'''
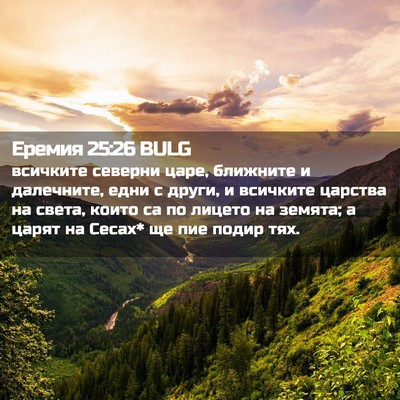 Picture 02 - Еремия 25:26 BULG - всичките северни царе, - Bible Verse Picture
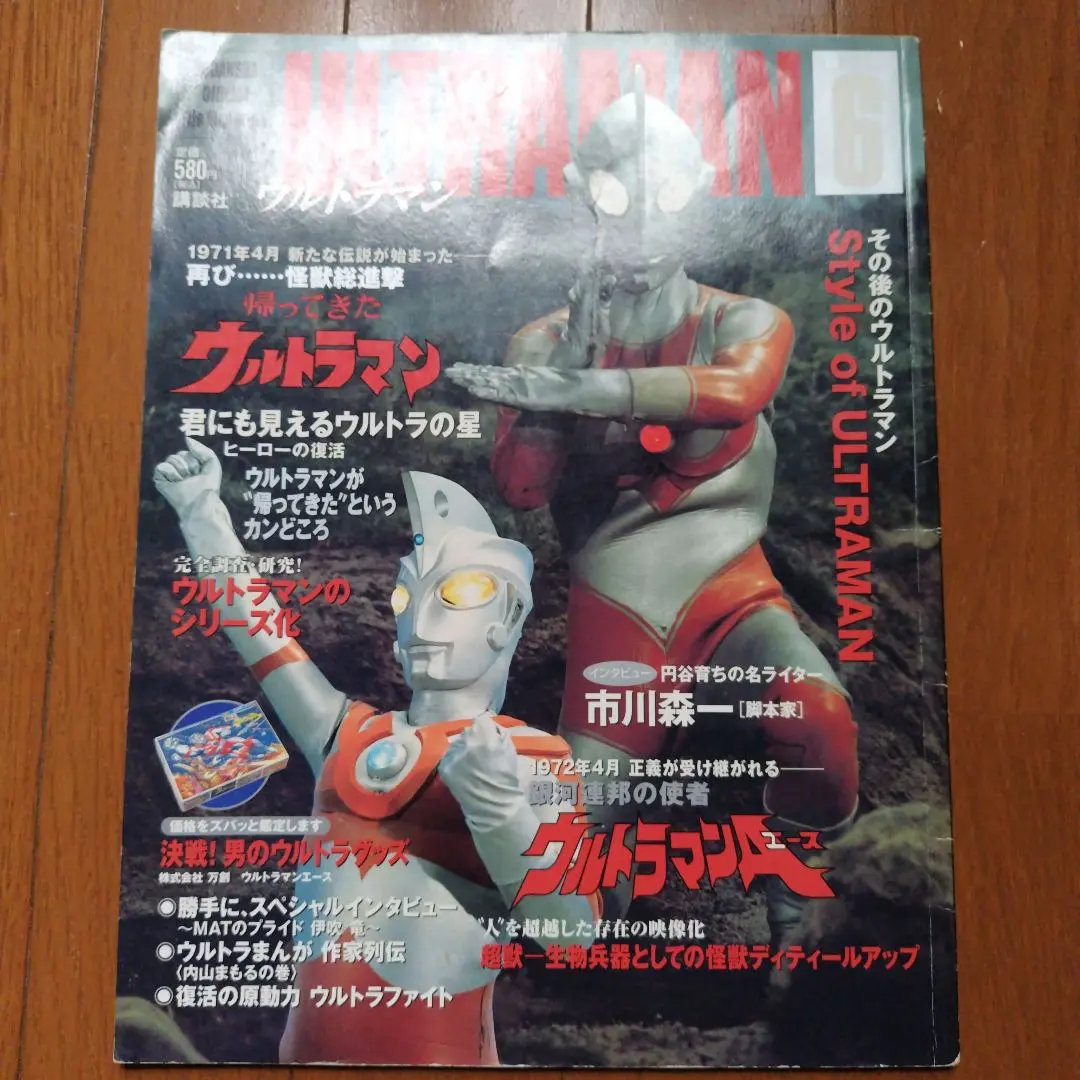 2026年最新】団時朗サインの人気アイテム - メルカリ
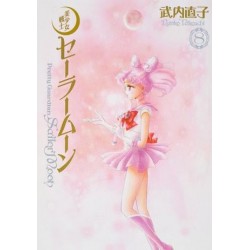 Sailor Moon Kanzenban 8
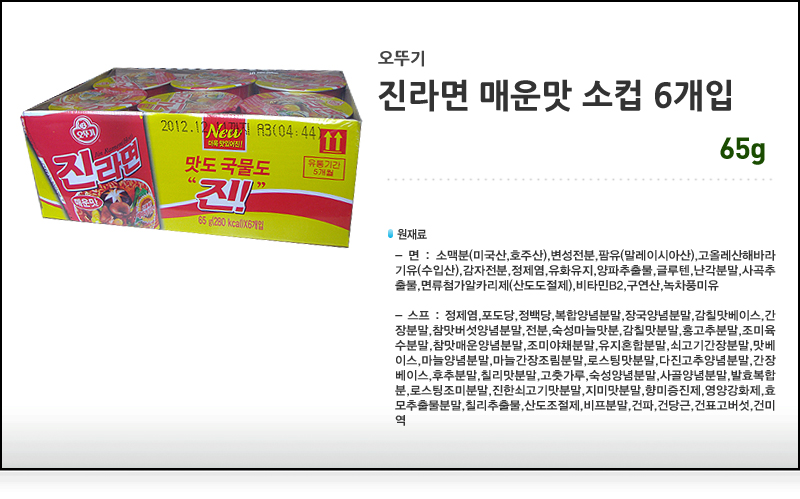 진라면 매운맛 소컵 65gx6컵x3박스 컵라면 즉석컵라면 캠핑컵라면 여행컵라면 휴대용컵라면 진라면컵 오뚜기컵라면 용기라면 라면컵 컵용기라면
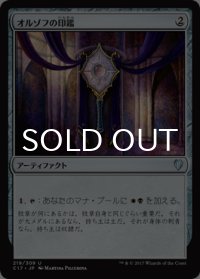 オルゾフの印鑑/Orzhov Signet 【日本語版】 [C17-灰U]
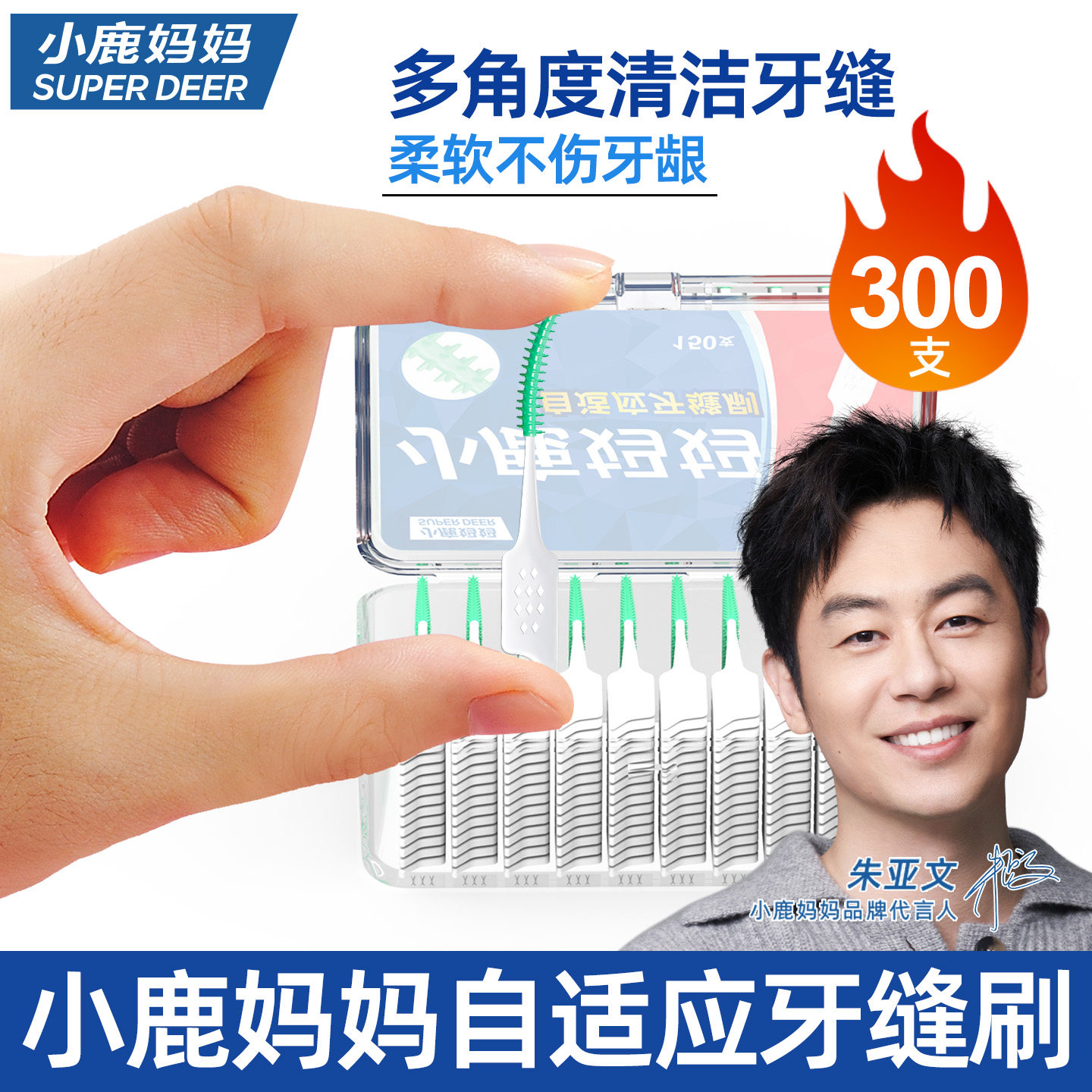 小鹿妈妈严选进口软硅胶自适应牙缝刷齿间隙刷矫正牙间刷牙套刷 - 实物图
'''
**Problem to work on:** Print every entry above again, exactly as written. Leave the images out.

**Answer space:**
 Picture 02 - Еремия 25:26 BULG - всичките северни царе, - Bible Verse Picture
 2026年最新】団時朗サインの人気アイテム - メルカリ
 Sailor Moon Kanzenban 8
 진라면 매운맛 소컵 65gx6컵x3박스 컵라면 즉석컵라면 캠핑컵라면 여행컵라면 휴대용컵라면 진라면컵 오뚜기컵라면 용기라면 라면컵 컵용기라면
 オルゾフの印鑑/Orzhov Signet 【日本語版】 [C17-灰U]
 小鹿妈妈严选进口软硅胶自适应牙缝刷齿间隙刷矫正牙间刷牙套刷 - 实物图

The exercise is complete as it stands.